Ladies and gentlemen, frogs and pigs, welcome once again to the Tough Pigs April Fools tradition:

The Ugly Toys Pageant!

When TP pal John Hamilton sent in his votes for this year’s Pageant, he said, “I often worry that Muppets’ souls are trapped in these ugly toys.”

Now, he was talking about the huge Kermit doll that looks like it’s about to eat the toddler, but in the bigger picture, that’s a good way to describe the eerie specter that is the Ugly Muppet Toy. In the comments that follow, you’ll notice that on the whole people refer to an ugly toy as “him,” rather than “it.”

The ugly toys have souls. And some of those souls are very, very dark.

And, speaking of dark: To present the Pageant rules, we’ve got that unearthly trio, the homemade baby-head Sesame dolls. Take it away, kids!
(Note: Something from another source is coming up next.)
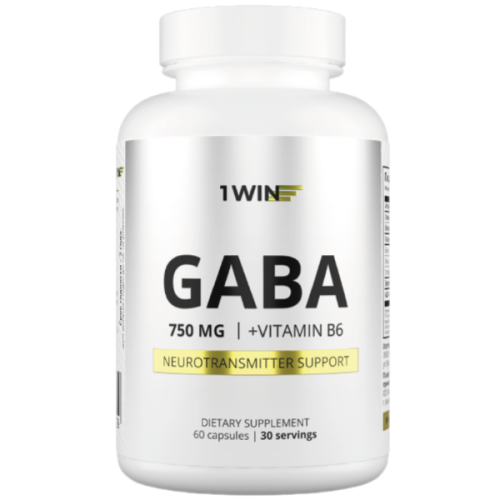 1WIN ГАМК + B6 / GABA + B6 капсулы массой 510 мг 60 шт 1WIN ГАМК + B6 / GABA + B6 капсулы массой 510 мг 60 шт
Over the last two weeks, the Ugly Toy contestants were appraised and rated by you, the Ugly Toy consuming community. People rated each toy on a scale of 1 to 5, with 1 being not that ugly and 5 being extreeeeemely ugly. On the next couple pages, we’ll count down the “winners,” starting with the Not That Ugly toys, and working up to the toys that have been voted by You, The People, as the ugliest toys of the year. Color commentary from the voters is provided for your entertainment.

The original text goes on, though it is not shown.